In a previous post I wrote about how you could use a Mask R-CNN model to detect and segment out articles of clothing to be used by some second stage model. For his post I built an example of that second stage model using a Pytorch siamese neural network. The idea would be that by combining these two models you could take a raw image, segment out just the articles of clothing, and then match those articles of clothing against a database of clothing items to find similar items.
So the first part of this post will focus on building the siamese network and near the end I will show an example using the output from my segmentation model and how the siamese network can generalize beyond shoes to other items it has never seen before.
What are Siamese Networks, Why Should We Care?
Rather than classifying what an object is, the goal with a siamese style network is to determine if items are similar or different. These can really be anything. Facebook uses them for facial recognition, the original application was signature verification, and I have used them to look at artists styles and game characters.
You train siamese networks by initializing two network "towers" where you hold their weights equal and conduct pairwise comparisons by feeding inputs through each tower. The networks are trained to determine whether or not the two objects it is presented with are the same or different by minimizing the distance between similar inputs and maximizing the difference between dissimilar ones.
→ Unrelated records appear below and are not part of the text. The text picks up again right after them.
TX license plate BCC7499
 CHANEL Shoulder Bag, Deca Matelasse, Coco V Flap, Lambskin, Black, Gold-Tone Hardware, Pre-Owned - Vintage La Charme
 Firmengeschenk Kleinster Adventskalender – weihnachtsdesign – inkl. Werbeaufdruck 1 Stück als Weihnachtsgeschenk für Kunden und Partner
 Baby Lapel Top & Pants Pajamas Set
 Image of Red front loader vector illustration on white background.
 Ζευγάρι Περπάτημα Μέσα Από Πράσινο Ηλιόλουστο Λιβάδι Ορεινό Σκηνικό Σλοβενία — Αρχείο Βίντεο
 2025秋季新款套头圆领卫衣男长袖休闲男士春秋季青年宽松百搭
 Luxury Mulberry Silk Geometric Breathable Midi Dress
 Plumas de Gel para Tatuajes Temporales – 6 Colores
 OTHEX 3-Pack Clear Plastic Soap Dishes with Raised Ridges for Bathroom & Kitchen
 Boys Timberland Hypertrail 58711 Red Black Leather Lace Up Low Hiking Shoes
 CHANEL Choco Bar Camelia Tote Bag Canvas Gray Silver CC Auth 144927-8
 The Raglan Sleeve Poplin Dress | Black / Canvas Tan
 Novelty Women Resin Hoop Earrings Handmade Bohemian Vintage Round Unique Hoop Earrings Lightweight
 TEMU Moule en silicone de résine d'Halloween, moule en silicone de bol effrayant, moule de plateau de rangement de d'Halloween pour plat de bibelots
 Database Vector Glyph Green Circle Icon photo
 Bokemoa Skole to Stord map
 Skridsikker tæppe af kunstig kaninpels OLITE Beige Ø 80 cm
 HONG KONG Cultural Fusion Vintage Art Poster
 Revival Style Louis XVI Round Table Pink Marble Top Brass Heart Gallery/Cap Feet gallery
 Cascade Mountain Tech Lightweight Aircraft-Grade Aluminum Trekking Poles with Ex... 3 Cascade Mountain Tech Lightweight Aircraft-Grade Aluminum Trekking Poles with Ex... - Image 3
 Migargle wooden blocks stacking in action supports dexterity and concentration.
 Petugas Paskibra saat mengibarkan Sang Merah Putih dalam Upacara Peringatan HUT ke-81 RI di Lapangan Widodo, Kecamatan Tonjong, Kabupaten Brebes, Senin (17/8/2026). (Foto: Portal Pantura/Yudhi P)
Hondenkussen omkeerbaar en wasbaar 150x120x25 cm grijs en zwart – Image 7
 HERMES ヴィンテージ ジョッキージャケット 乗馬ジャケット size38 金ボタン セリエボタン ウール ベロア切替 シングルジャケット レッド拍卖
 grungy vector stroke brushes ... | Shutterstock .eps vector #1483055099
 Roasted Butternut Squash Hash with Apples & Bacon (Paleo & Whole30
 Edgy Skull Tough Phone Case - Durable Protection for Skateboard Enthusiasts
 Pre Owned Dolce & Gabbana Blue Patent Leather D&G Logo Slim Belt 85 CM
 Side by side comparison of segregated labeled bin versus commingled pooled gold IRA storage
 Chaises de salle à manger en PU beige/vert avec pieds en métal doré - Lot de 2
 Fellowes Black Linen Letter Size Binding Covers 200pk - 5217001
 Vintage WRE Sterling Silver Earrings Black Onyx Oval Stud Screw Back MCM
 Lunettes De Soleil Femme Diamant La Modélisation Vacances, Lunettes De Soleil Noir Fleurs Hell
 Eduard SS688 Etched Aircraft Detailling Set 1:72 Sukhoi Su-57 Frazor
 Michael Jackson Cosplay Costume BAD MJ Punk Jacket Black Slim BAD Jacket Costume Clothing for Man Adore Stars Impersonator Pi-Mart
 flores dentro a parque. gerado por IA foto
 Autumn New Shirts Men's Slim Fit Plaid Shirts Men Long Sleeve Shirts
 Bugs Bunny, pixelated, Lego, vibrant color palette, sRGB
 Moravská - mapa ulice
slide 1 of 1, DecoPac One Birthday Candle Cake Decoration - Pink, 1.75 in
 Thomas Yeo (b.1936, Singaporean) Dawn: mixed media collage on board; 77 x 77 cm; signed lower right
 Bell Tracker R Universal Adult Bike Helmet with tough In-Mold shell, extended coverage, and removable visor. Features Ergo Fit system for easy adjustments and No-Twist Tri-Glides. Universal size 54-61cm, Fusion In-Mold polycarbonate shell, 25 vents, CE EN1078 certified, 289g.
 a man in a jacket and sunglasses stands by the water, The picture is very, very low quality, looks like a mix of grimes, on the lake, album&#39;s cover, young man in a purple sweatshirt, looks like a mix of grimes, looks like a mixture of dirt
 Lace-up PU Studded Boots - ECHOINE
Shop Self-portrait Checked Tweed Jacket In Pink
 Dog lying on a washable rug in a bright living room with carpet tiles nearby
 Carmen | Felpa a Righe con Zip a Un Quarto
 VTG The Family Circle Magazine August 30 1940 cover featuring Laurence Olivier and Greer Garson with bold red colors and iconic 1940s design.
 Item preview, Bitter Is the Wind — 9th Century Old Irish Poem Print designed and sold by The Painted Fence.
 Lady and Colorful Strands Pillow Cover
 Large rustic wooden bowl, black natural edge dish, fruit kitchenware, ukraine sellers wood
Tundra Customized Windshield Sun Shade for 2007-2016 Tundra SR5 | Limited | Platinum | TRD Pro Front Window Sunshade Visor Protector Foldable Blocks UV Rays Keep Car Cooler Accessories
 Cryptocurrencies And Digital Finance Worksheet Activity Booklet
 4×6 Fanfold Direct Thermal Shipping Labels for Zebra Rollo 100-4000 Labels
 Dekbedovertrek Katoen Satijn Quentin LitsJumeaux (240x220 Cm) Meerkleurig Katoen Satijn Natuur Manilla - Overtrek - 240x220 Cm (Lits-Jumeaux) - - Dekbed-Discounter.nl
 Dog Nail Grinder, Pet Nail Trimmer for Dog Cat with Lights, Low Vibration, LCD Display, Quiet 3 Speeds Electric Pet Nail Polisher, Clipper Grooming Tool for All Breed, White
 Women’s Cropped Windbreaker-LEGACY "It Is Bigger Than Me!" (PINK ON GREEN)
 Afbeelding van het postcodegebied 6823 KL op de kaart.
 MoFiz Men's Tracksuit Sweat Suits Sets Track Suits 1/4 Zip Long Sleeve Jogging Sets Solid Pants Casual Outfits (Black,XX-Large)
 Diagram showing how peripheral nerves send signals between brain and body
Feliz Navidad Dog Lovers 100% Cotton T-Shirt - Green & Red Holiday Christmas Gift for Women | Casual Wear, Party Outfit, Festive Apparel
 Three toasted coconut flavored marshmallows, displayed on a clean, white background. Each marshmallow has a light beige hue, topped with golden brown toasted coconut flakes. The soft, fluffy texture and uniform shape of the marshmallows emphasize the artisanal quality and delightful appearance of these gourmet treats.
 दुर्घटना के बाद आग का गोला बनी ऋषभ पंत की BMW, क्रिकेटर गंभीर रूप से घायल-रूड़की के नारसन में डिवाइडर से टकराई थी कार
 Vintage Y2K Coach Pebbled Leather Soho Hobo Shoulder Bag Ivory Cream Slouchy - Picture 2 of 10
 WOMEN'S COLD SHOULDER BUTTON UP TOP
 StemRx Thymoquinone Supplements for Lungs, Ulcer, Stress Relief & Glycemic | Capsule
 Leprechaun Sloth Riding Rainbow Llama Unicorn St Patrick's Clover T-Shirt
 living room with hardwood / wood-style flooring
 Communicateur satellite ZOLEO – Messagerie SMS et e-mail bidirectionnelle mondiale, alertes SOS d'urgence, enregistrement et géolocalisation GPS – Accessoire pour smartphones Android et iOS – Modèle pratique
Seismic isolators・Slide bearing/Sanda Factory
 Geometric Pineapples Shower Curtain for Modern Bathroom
Siamese networks are not answering the classic classification question, what is X? Rather they answer the question, are objects X and Y similar?
With that said, I think it is fair to ask why even bother going through the trouble of building a siamese architecture for pairwise comparison if you could just train a standard network to do these identifications?
In response, siamese networks have a number of properties that I think make them quite useful. The main one is that they are able to generalize beyond what they were trained on to be able to tell the differences between classes they have not necessarily been exposed to. Another property is that since they generalize to classes they have not been explicitly trained on, siamese networks do not need to be retrained every time they are required to look at something new.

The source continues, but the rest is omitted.